_Supplied data:_
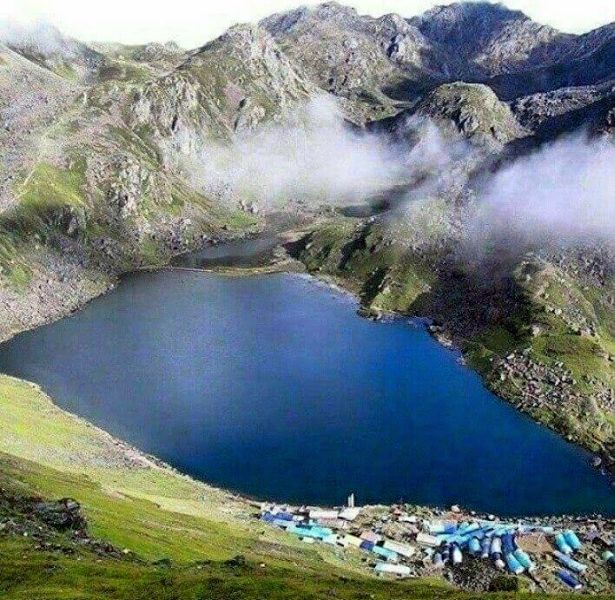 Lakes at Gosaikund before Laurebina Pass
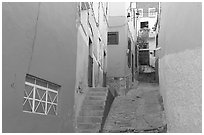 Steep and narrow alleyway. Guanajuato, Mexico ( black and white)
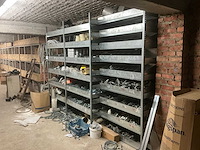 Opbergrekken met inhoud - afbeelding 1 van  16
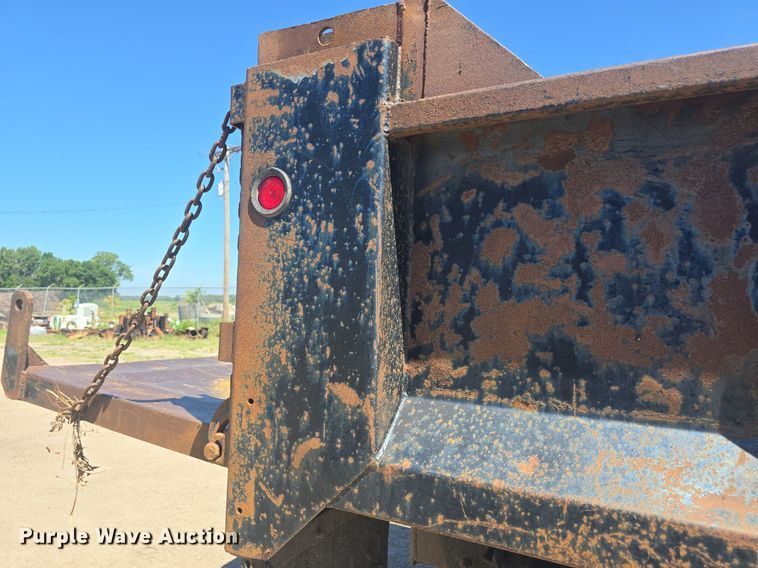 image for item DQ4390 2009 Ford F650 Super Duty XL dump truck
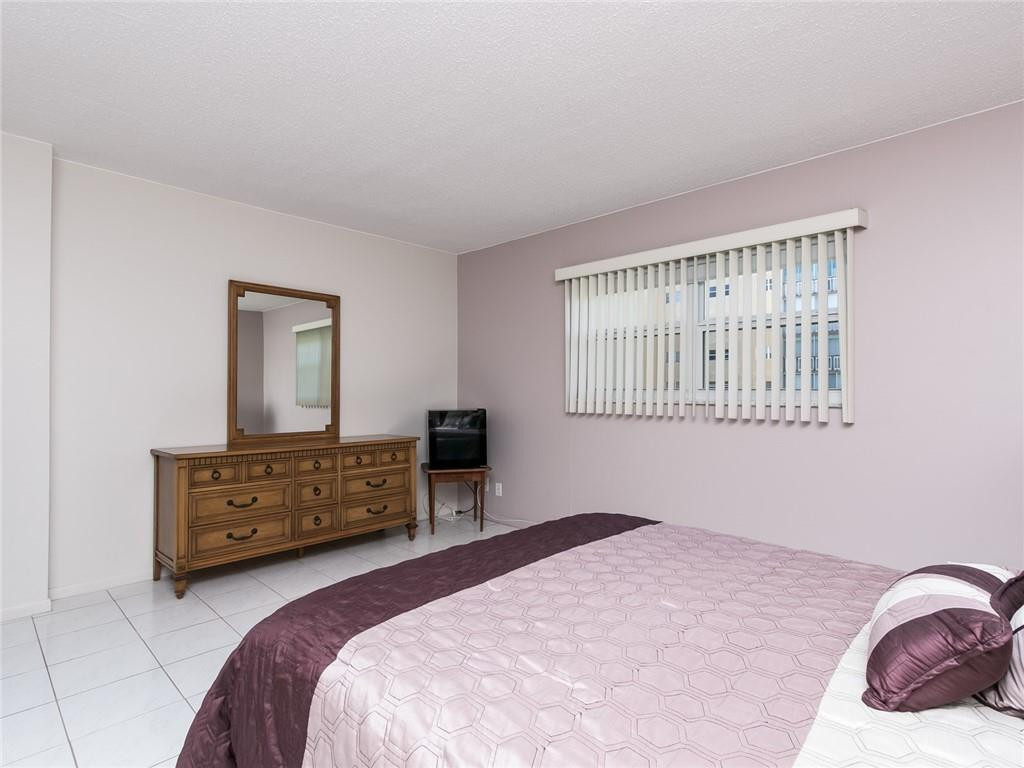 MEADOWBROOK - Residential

...

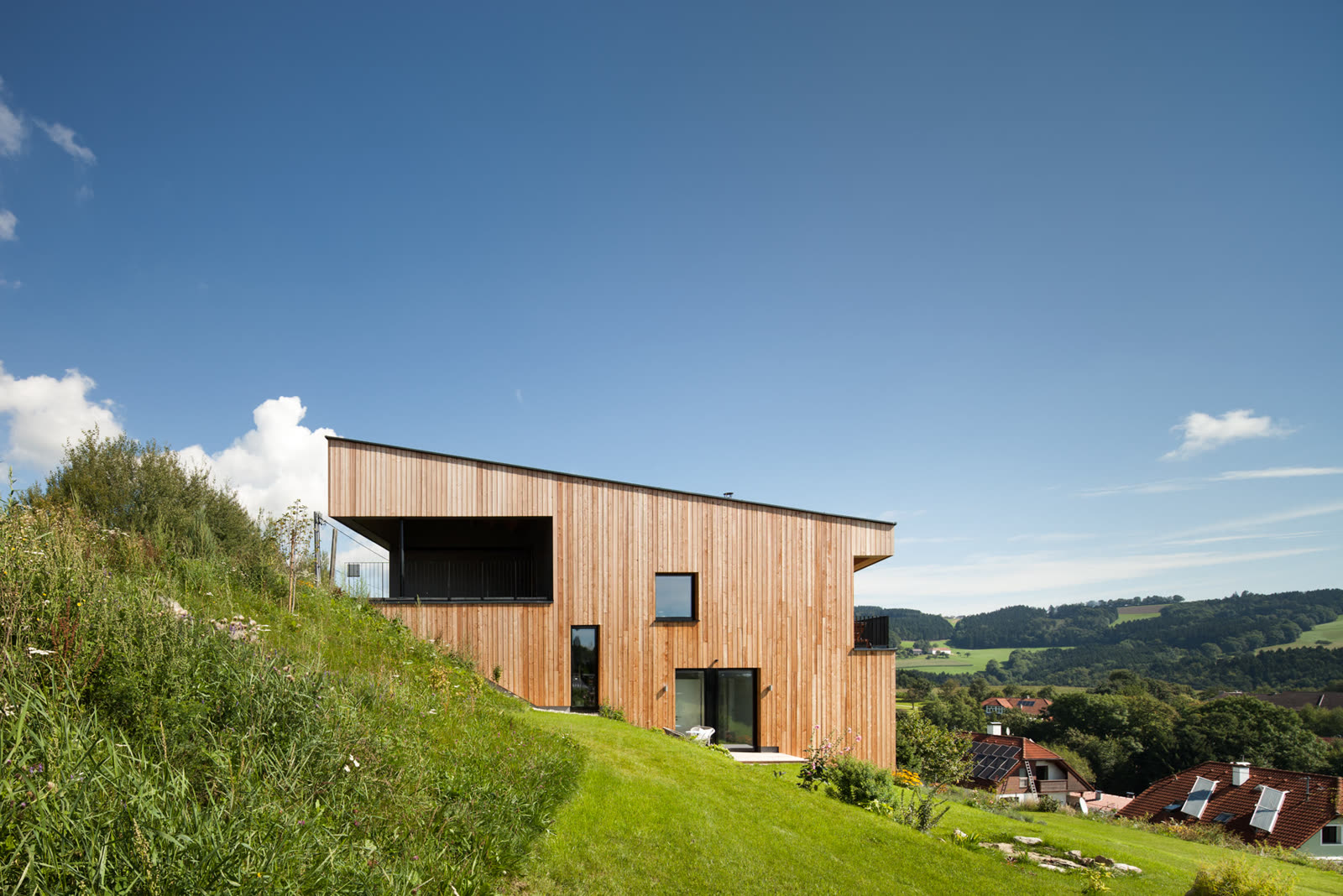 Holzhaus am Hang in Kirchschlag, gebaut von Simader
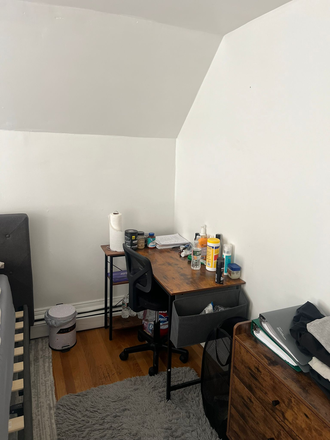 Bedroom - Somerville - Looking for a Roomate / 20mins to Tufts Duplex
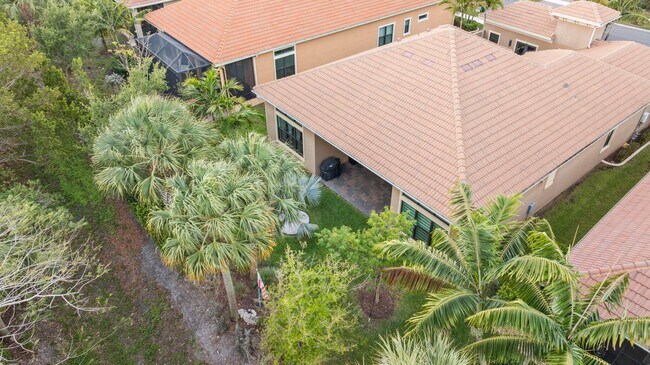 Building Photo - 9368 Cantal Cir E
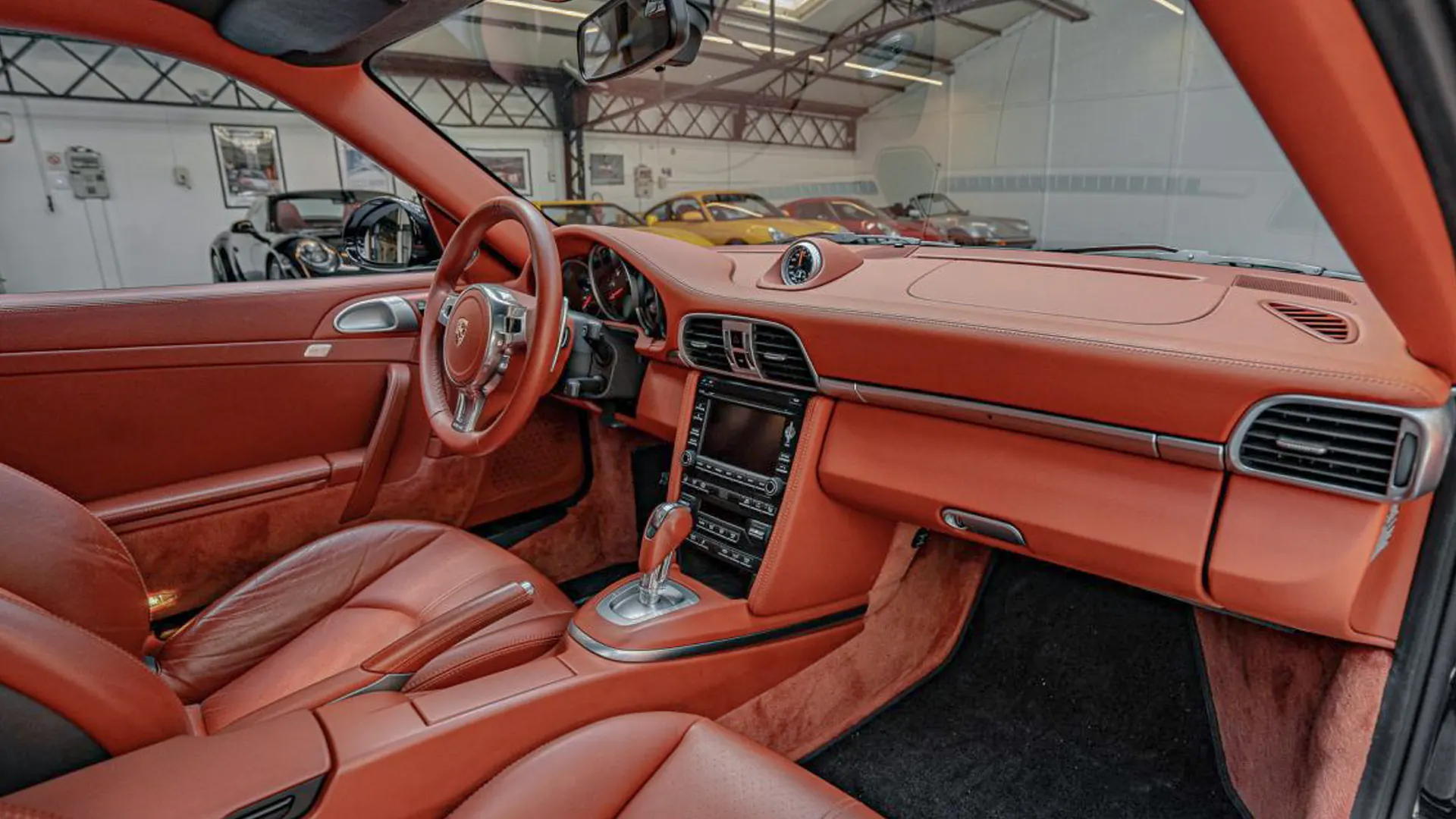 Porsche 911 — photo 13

_Brief:_
Beginning at the line that has "Steep and narrow" and ending at the line that has "MEADOWBROOK - Residential", restate the listing above word for word, pictures left out.

_Result for this task:_
 Steep and narrow alleyway. Guanajuato, Mexico ( black and white)
 Opbergrekken met inhoud - afbeelding 1 van  16
 image for item DQ4390 2009 Ford F650 Super Duty XL dump truck
 MEADOWBROOK - Residential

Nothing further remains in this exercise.